Your answer is the lines below, exactly, from the one that contains "HYUNDAI SONATA 2019" through the one that contains "Lokal handlowy 277m Kluczbork ścisłe centrum", both included.

Stored items from a collection
▼
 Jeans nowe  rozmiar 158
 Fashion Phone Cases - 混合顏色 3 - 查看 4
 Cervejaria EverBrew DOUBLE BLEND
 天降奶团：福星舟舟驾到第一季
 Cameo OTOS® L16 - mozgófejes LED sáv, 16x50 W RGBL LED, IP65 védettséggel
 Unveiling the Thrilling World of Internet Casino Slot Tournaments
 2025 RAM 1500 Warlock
▲
▼
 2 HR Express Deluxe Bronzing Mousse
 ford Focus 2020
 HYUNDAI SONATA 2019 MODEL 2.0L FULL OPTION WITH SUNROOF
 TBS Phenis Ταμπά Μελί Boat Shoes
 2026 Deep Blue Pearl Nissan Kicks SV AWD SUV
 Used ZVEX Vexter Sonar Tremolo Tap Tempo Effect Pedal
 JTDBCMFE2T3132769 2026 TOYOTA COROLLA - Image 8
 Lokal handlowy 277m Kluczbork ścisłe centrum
▲
* [WRITTEN SOLUTION]
 HYUNDAI SONATA 2019 MODEL 2.0L FULL OPTION WITH SUNROOF
 TBS Phenis Ταμπά Μελί Boat Shoes
 2026 Deep Blue Pearl Nissan Kicks SV AWD SUV
 Used ZVEX Vexter Sonar Tremolo Tap Tempo Effect Pedal
 JTDBCMFE2T3132769 2026 TOYOTA COROLLA - Image 8
 Lokal handlowy 277m Kluczbork ścisłe centrum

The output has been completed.